Into our land. Into our literature.

Lenard Moore

It would be ironic if it weren’t so profoundly true that Lenard Moore has used the smallest of nets to capture, in stark and stunning detail, the chaos of our lives and his. A master of haiku and its many associated forms — tanka, senryu, renku and on and on — Moore was the first Southerner and first Black president of the Haiku Society of America, and the author of too many poems to count. He has been published in over 30 genres and translated into more than 20 languages.

With the pockets of his dapper sport coats stuffed with tiny notebooks, Moore doesn’t just write every day; he writes everywhere.

“I write all times of the day,” he says. “I write in the morning. I write at night. Walk through the woods, I write. Go to the beach, I write. In the mountains. It doesn’t matter. I go to basketball games, I always have a journal on me. I might have three.” In 1982, sitting in a Western Sizzlin’ all day, drinking a pitcher of sweet tea, he wrote 1,447 poems, and has stopped counting ever since.

Twenty years ago Moore lost his only child, his daughter Maiisha, a student at East Carolina University, in a car accident two weeks after her 22nd birthday. Her self-portrait is on the wall of his bedroom. There are Chinese fortune cookies wrapped in cellophane on the coffee table in his living room next to his daughter’s dictionary, its well-worn pages marked with as many yellow sticky notes as there are bees in a hive. On the shelf of an end table nearby is Maiisha’s Bible.
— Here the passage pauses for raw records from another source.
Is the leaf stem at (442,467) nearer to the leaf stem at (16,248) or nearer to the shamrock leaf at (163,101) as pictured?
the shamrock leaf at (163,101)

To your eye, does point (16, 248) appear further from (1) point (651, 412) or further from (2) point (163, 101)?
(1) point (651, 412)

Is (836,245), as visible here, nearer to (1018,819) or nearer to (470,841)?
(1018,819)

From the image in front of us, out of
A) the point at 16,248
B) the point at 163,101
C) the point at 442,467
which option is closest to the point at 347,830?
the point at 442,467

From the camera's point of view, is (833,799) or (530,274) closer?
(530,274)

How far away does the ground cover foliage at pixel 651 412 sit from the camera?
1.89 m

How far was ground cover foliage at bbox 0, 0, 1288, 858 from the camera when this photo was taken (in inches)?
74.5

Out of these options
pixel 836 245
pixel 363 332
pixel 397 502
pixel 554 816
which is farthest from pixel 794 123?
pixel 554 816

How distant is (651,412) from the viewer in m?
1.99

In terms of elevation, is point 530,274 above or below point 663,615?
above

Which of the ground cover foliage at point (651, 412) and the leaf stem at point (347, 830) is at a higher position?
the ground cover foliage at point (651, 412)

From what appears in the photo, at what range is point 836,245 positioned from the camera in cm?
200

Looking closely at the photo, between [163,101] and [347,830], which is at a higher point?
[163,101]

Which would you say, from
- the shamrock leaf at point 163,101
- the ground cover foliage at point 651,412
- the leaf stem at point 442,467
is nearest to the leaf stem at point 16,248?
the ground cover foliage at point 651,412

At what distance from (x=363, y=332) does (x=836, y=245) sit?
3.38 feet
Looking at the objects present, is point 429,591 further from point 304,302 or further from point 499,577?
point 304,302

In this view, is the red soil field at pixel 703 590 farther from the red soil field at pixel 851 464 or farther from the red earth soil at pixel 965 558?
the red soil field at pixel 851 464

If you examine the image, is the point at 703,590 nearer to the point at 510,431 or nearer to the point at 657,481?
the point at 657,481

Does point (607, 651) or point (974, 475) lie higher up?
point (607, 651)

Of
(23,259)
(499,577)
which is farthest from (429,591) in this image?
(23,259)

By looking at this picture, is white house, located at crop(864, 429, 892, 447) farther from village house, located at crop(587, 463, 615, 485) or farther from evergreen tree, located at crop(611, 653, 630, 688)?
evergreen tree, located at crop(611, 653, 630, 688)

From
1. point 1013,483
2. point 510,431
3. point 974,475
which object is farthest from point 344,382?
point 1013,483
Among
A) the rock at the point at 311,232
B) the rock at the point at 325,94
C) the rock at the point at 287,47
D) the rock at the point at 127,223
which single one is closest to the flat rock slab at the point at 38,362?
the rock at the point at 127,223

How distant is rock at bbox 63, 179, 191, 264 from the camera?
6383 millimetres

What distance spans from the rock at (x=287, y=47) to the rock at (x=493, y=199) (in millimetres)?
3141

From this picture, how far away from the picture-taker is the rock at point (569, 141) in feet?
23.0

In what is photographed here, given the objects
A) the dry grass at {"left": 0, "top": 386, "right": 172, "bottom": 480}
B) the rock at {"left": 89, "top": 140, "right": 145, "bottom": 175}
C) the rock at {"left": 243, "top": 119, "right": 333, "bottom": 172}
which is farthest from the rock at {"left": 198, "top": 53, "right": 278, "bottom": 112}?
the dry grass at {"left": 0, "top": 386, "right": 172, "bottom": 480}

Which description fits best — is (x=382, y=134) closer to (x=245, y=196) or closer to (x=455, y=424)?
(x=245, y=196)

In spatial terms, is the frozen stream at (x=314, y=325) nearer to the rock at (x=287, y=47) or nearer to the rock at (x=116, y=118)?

“That’s the worst thing that can happen to you. It’s kind of devastating. I went to the library about every evening for a year,” he says. “I wrote about her. I challenged myself. Writing is healing. If you go through tragedy, trauma or whatever, writing is there to help you.”

hot afternoon
the squeak of my hands
on my daughter’s coffin

It became one of Moore’s best-known haiku. “That poem kind of haunted me. At the burial I was the first one they called up to put a rose on the casket,” he says. “I put my hand on the coffin, maybe my hands were sweaty, I don’t know. I remember my hands slipped down the side and there was a loud squeak. It probably was about three days before I wrote it down. The poem just haunted me so I had to write it.”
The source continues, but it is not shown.